* _Records provided_:
<<<<

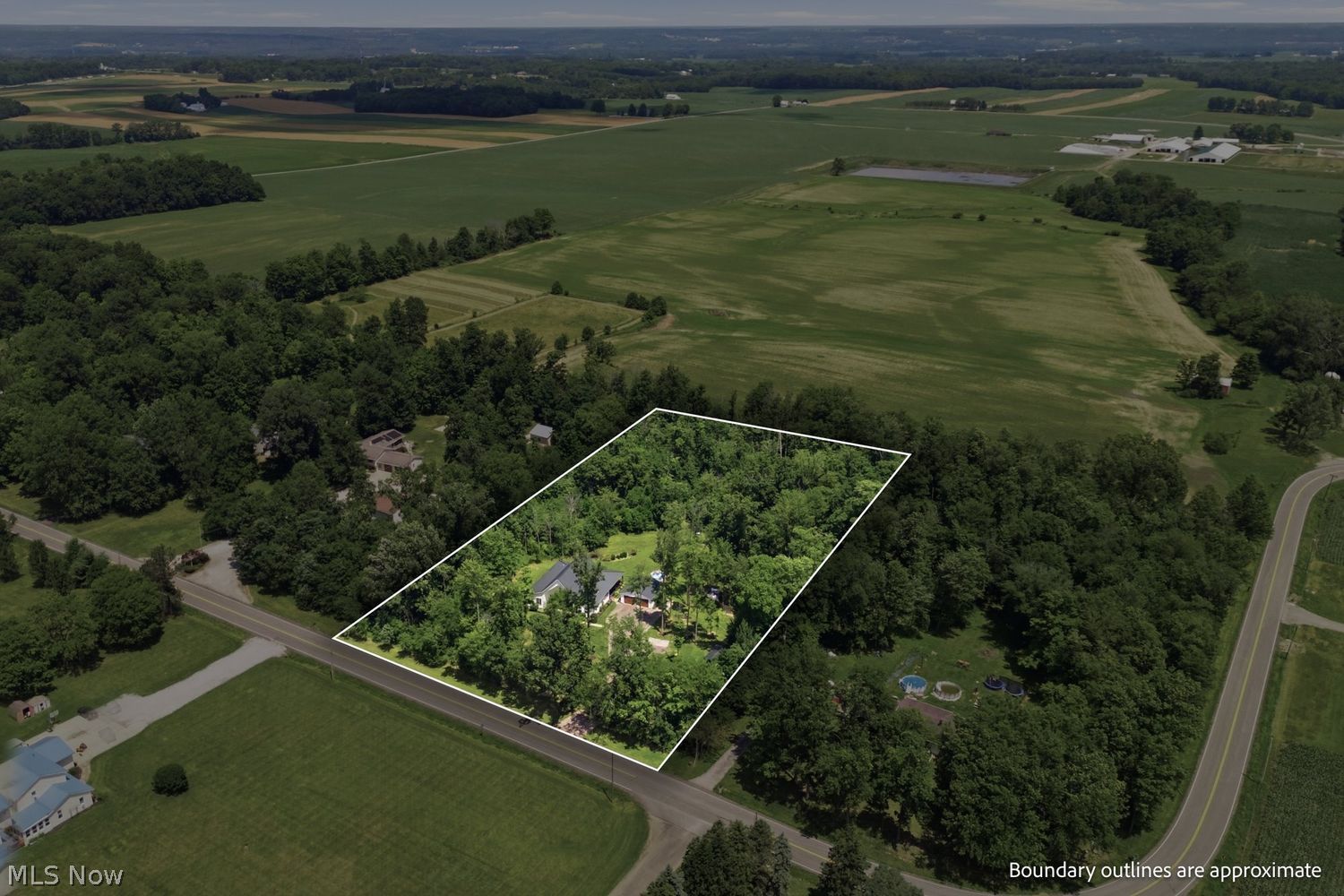 1695 County Road 995 Ashland OH 44805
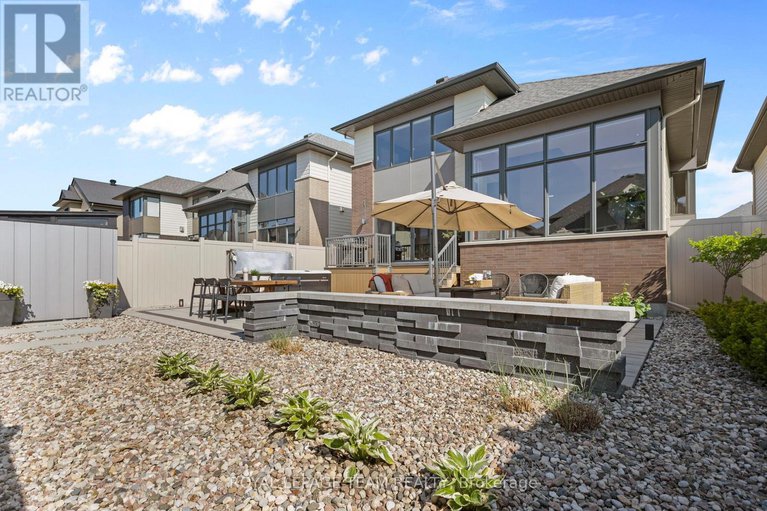 28887517/304-long-acres-street/bridlewood/ottawa/ontario/K2M0H1_46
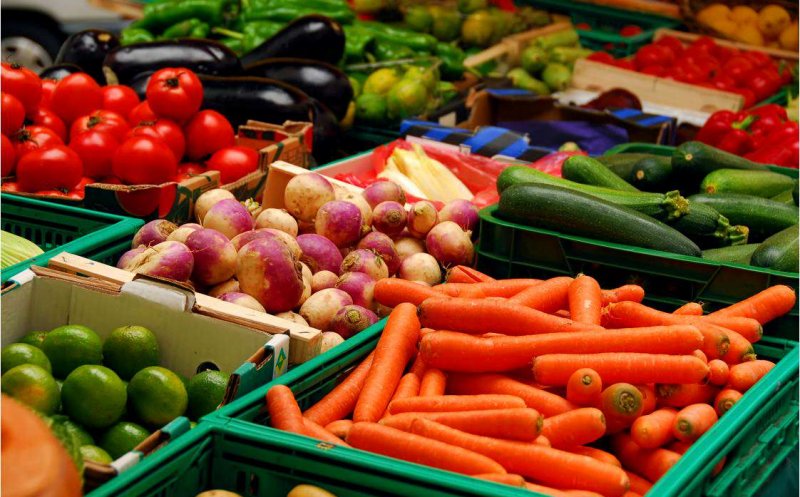 Probleme în Marea Britanie cu alimentele: Unele fructe şi legume, raţionalizate în supermarketuri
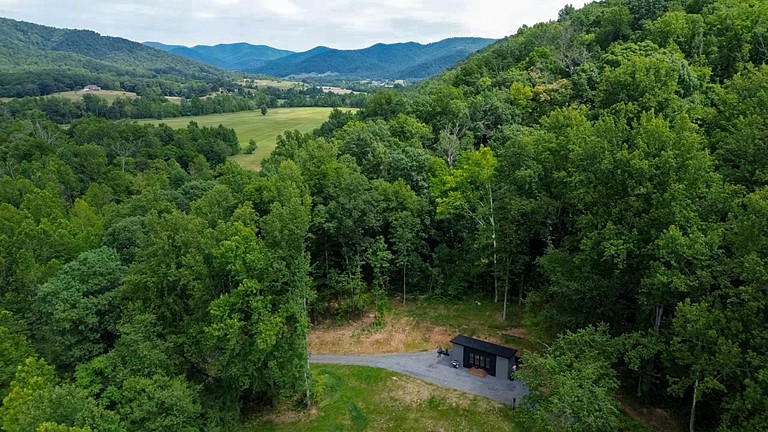 Relaxing Tiny House Nestled Amidst Trees in Madison, Virginia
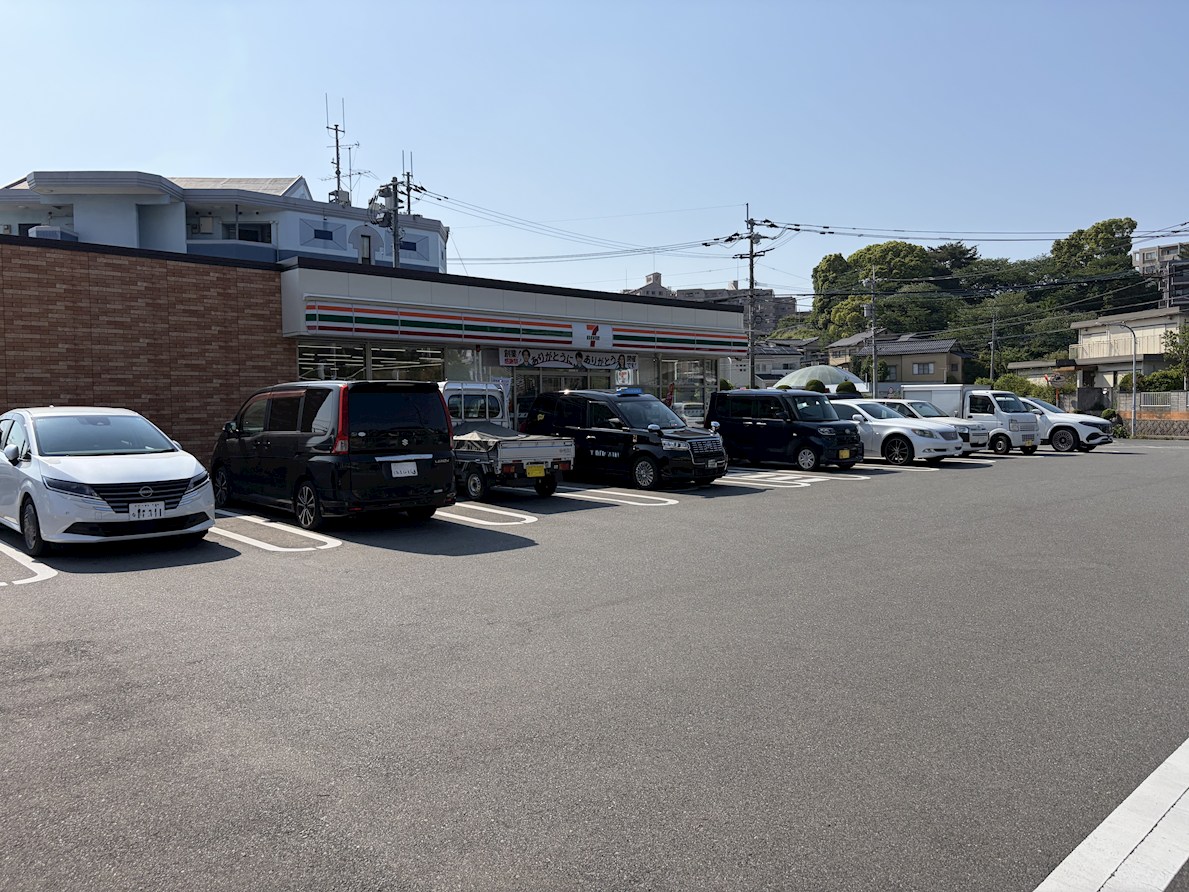 アンビエント松崎 コンビニ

>>>>

* _Exercise details_:
The complete material, set down exactly and stripped of pictures, is the expected response.

* _Response area_:
 1695 County Road 995 Ashland OH 44805
 28887517/304-long-acres-street/bridlewood/ottawa/ontario/K2M0H1_46
 Probleme în Marea Britanie cu alimentele: Unele fructe şi legume, raţionalizate în supermarketuri
 Relaxing Tiny House Nestled Amidst Trees in Madison, Virginia
 アンビエント松崎 コンビニ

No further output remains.